Clara Wicoff, a junior, has already had a good start to the season. The first meet of the season was in Girard on Jan 24. She double-qualified for state in both events she competed in: original oration and impromptu speaking. But most of the time, it’s not as easy to perform well.

“It’s a disappointment if you don’t win,” Wicoff said, “but when you do, you feel something so powerful.”

Senior Emma Piazza is not a newcomer to the forensics team, and she loves being a part of it.

“The other teammates are really nice and fun to hang out with,” she said. “It’s very fun and interesting to see what pieces that my teammates pick and how they perform them.”

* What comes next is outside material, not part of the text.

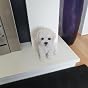 Vivid Arts Bichon Frise Gartenfigur Aus Kunstharz – Handbemalt, Frost- & UV-beständig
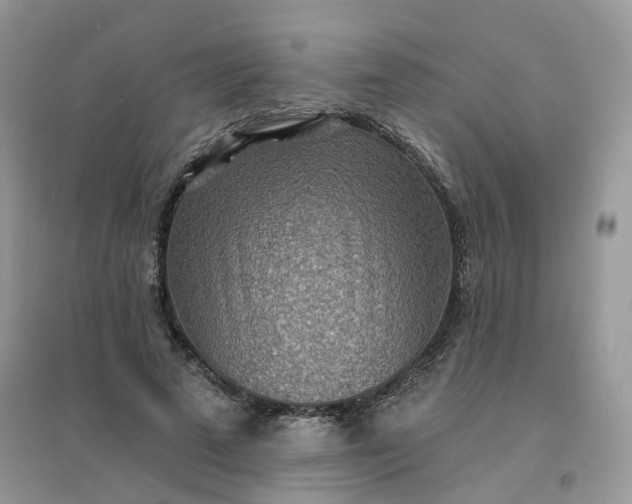 X0000096150689200802011233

She continued by saying her favorite thing about forensics is “doing a new activity every single time, not doing the same boring thing.”

Senior Garrett Prall joined forensics because of his older brother, Wyatt, who graduated in 2013. At first, Prall didn’t think he wanted to do forensics, but his brother pressured him into joining. By the end of the season, Prall left loving it and wanting more.

“My lesson would be to have a lot of teamwork and do a lot of partner activities,” he said. Last year, Prall received first in Improvised Duet Acting at state with partner Olivia Bannister.

“The most important things students learn from forensics is the ability to adapt to many different situations,” Chriestenson said. “You’re in a room when you’re being judged, and you have to speak to someone you don’t know. I think it’s a good skill to have in life to not fear public speaking, or even contain your fear of public speaking.”